## Assignment
Give the data below again exactly as written, without its pictures.

_ _ _ _

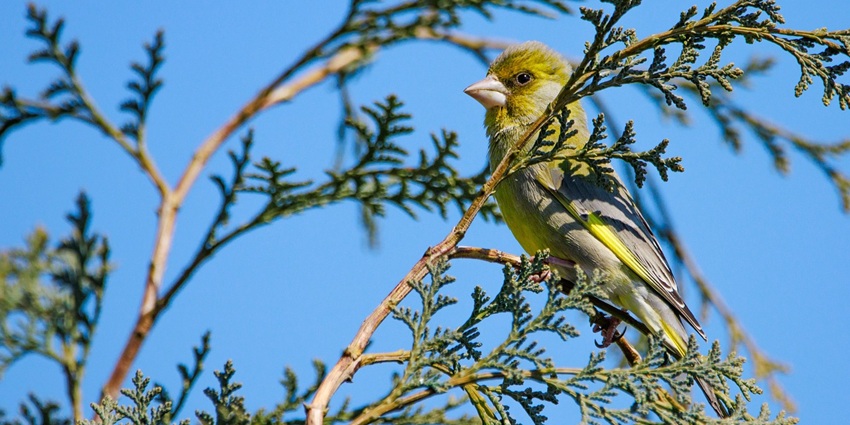 Beautiful image of a song bird sitting in the branch of a beautiful tree in hills of Bhutan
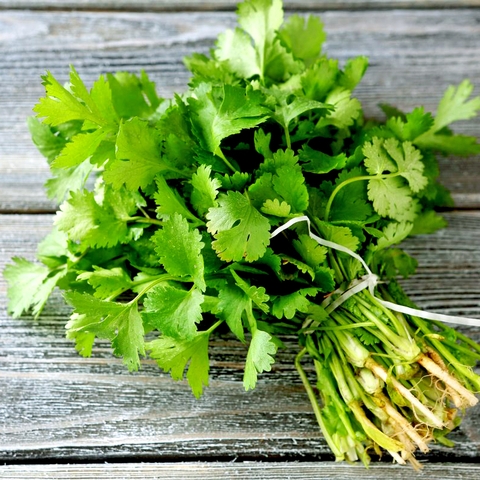 Hạt giống rau ngò om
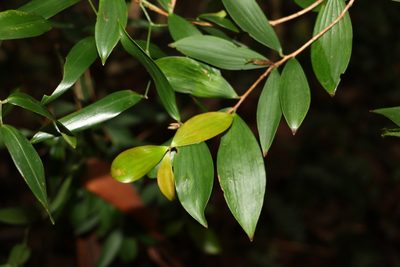 Trochocarpa laurina, photographed by Greg Tasney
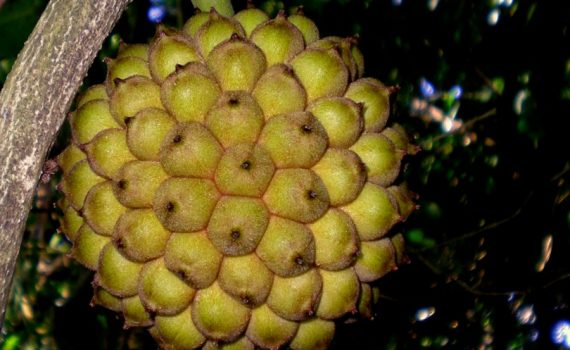 Icacinaceae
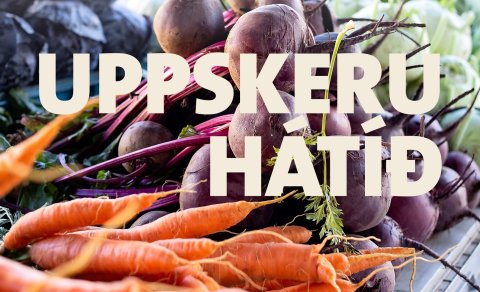 Uppskeru og þakkarhátíð/Harvest and Thanksgiving festival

_ _ _ _

## Result for this task
 Beautiful image of a song bird sitting in the branch of a beautiful tree in hills of Bhutan
 Hạt giống rau ngò om
 Trochocarpa laurina, photographed by Greg Tasney
 Icacinaceae
 Uppskeru og þakkarhátíð/Harvest and Thanksgiving festival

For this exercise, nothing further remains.